More importantly, the clinical consequences of COVID-19-associated myocarditis are also worse. Several cardiologists interviewed by National Geographic explained that “Myocarditis after the vaccine is rarer and usually milder than the cardiac complications from COVID-19”. Nature Reviews Cardiology also added that “in contrast to the overall mild presentation and good outcome of vaccine-associated myocarditis, COVID-19 is associated with a major risk of cardiovascular complications”.
The evidence available indicates that children who tested positive for SARS-CoV-2 remain in the minority; infection-induced immunity is less reliable compared to vaccine-induced immunity
The Western Journal also claimed that children weren’t at risk from COVID-19 because “80 percent of children in the U.S. already have had COVID”, which would make them “protected by natural immunity”. This is likely a reference to infection-induced immunity.
However, the claimed proportion of children who had COVID-19 is inaccurate. The American Academy of Pediatrics indicated that a cumulative 9.8% of children tested positive for SARS-CoV-2. The FDA reported 1.9 million cases among children from five to 11 years of age, which gives a proportion of 7.8% if we consider that the total population of children aged five to 11 is 24.3 million.
Furthermore, it is incorrect to suggest that infection-induced immunity is a “one size fits all” solution that guarantees complete protection against COVID-19; immunity after infection is unpredictable, and some individuals even develop no antibodies following infection. Whether it is more efficient than vaccine-induced immunity isn’t clear.
In summary, a flawed preprint was used to make inaccurate claims about the danger of COVID-19 vaccines. The preprint study contained several limitations due to the quality of data used and the methods used to calculate proportions of myocarditis and hospitalization in teenagers, which invalidated its conclusions. Contrary to the claims in the Western Journal and the preprint, data from health agencies and published studies indicate that cases of myocarditis are rarer and milder following vaccination than following SARS-CoV-2 infection. This is one demonstration showing that COVID-19 vaccines’ benefits largely outweigh their risks.
- 1 – Frenck et al. (2021) Safety, Immunogenicity, and Efficacy of the BNT162b2 Covid-19 Vaccine in Adolescents. The New England Journal of Medicine.
2 – Heymans & Cooper (2021) Myocarditis after COVID-19 mRNA vaccination: clinical observations and potential mechanisms. Nature Reviews Cardiology.
- 3 – Gargano et al (2021) Use of mRNA COVID-19 Vaccine After Reports of Myocarditis Among Vaccine Recipients: Update from the Advisory Committee on Immunization Practices — United States, June 2021. Morbidity and Mortality Weekly Report.
- 4 – Høeg et al. (2021) SARS-CoV-2 mRNA Vaccination-Associated Myocarditis in Children Ages 12-17: A Stratified National Database Analysis. MedRxiv (preprint).

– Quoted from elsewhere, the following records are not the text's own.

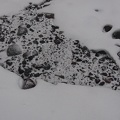 I liked the patterns of the rocks along the stream where a light dusting of snow fills in the gaps between the stones.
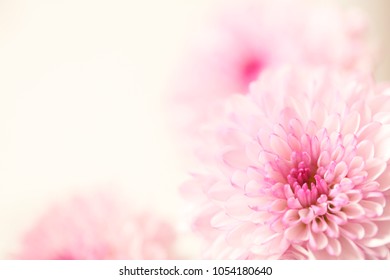 Stock Photo and Image Portfolio by CustomPhotographyDesigns | Shutterstock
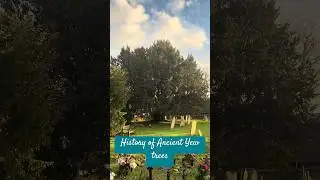 History of ancient Yew trees in churchyards #history  #beautiful #trees #ancienthistory
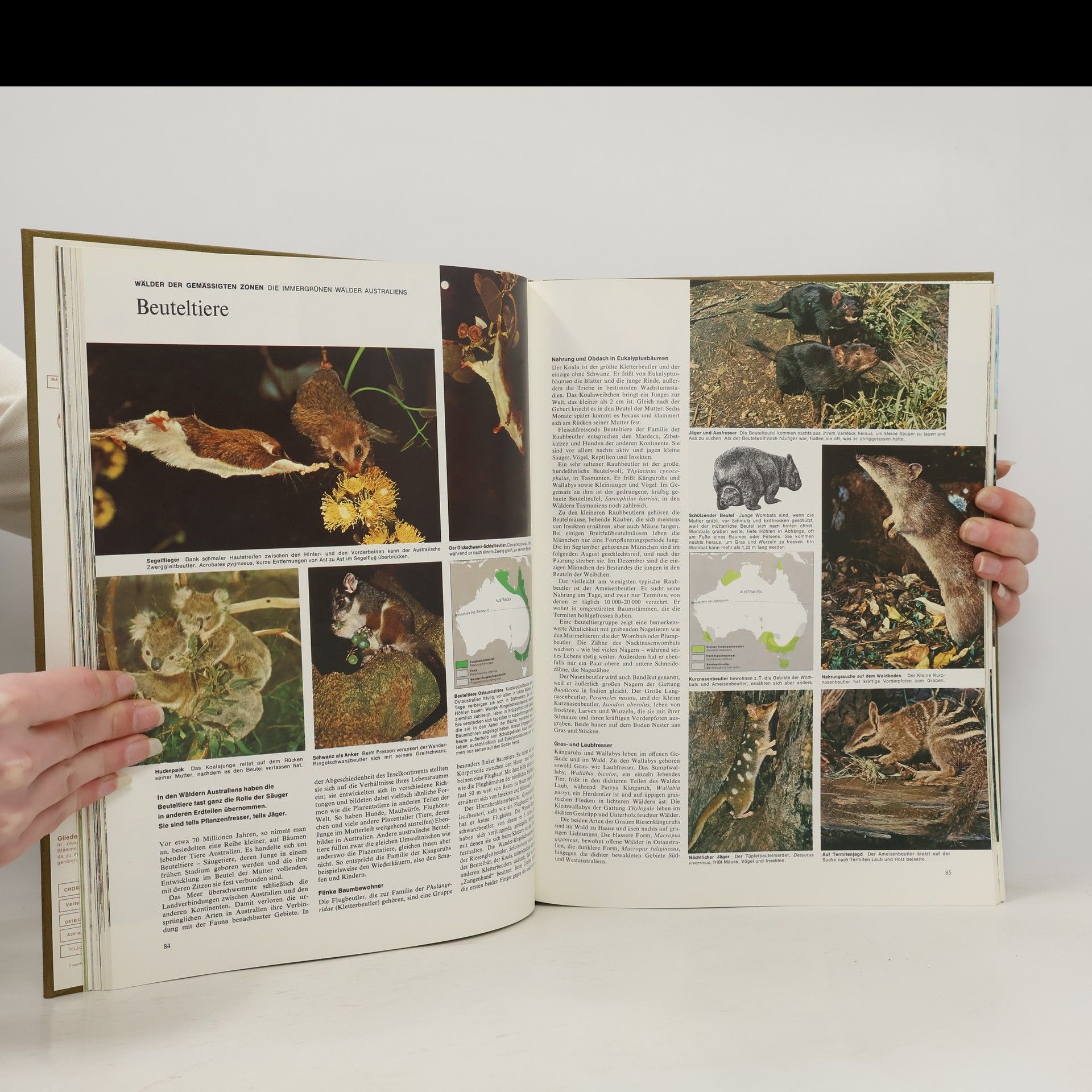 Collectif d'auteurs Reader's Digest Bildatlas der Tierwelt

- 5 – Woudstra et al. (2018) Infectious myocarditis: the role of the cardiac vasculature. Heart Failure Review.
- 6 – Jain et al. (2021) COVID-19 Vaccination-Associated Myocarditis in Adolescents. Pediatrics.
- 7 – Boehmer et al. 2021) Association Between COVID-19 and Myocarditis Using Hospital-Based Administrative Data — United States, March 2020–January 2021. Morbidity and Mortality Weekly Report.